Extracted records
****

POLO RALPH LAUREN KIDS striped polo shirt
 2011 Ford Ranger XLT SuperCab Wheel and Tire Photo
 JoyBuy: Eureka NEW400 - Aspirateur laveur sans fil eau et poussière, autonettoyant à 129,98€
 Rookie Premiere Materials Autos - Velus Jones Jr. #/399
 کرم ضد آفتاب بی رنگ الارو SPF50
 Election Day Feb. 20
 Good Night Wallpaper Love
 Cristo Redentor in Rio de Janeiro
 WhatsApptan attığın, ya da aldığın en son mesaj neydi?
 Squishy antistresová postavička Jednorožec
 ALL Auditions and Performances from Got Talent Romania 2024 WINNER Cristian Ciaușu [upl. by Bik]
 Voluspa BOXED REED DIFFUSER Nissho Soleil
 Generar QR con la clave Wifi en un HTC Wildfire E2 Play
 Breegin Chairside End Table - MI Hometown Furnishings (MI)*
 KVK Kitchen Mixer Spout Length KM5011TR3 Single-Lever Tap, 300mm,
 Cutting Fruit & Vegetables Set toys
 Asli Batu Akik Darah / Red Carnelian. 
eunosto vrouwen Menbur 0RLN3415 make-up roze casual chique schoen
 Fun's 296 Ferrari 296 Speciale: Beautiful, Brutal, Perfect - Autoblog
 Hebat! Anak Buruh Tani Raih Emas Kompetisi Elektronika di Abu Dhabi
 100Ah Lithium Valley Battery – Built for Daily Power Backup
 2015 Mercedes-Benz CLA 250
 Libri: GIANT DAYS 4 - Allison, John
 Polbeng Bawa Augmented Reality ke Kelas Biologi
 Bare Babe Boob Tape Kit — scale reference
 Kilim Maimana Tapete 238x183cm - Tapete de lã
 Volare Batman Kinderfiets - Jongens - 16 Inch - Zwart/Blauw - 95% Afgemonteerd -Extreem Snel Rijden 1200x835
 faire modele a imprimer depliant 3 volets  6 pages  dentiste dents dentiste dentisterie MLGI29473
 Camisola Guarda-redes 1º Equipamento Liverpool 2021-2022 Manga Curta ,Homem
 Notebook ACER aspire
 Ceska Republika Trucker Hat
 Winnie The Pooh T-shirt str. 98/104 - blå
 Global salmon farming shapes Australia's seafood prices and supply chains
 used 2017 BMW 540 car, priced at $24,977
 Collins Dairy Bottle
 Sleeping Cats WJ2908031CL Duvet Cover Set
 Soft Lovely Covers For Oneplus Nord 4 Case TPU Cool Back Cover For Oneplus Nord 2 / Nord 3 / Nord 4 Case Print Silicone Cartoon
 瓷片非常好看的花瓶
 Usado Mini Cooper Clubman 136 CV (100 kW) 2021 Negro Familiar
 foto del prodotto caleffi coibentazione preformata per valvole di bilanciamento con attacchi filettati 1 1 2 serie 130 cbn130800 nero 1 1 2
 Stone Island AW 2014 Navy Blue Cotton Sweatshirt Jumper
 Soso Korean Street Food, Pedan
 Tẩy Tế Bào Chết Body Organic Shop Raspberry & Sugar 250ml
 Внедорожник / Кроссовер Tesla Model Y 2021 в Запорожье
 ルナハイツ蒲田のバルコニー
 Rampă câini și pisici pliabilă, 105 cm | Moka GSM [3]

****

The lines to retype run from the start of the entries through the line containing "eunosto vrouwen Menbur"; reproduce them exactly and add nothing.

Result of this exercise:
POLO RALPH LAUREN KIDS striped polo shirt
 2011 Ford Ranger XLT SuperCab Wheel and Tire Photo
 JoyBuy: Eureka NEW400 - Aspirateur laveur sans fil eau et poussière, autonettoyant à 129,98€
 Rookie Premiere Materials Autos - Velus Jones Jr. #/399
 کرم ضد آفتاب بی رنگ الارو SPF50
 Election Day Feb. 20
 Good Night Wallpaper Love
 Cristo Redentor in Rio de Janeiro
 WhatsApptan attığın, ya da aldığın en son mesaj neydi?
 Squishy antistresová postavička Jednorožec
 ALL Auditions and Performances from Got Talent Romania 2024 WINNER Cristian Ciaușu [upl. by Bik]
 Voluspa BOXED REED DIFFUSER Nissho Soleil
 Generar QR con la clave Wifi en un HTC Wildfire E2 Play
 Breegin Chairside End Table - MI Hometown Furnishings (MI)*
 KVK Kitchen Mixer Spout Length KM5011TR3 Single-Lever Tap, 300mm,
 Cutting Fruit & Vegetables Set toys
 Asli Batu Akik Darah / Red Carnelian. 
eunosto vrouwen Menbur 0RLN3415 make-up roze casual chique schoen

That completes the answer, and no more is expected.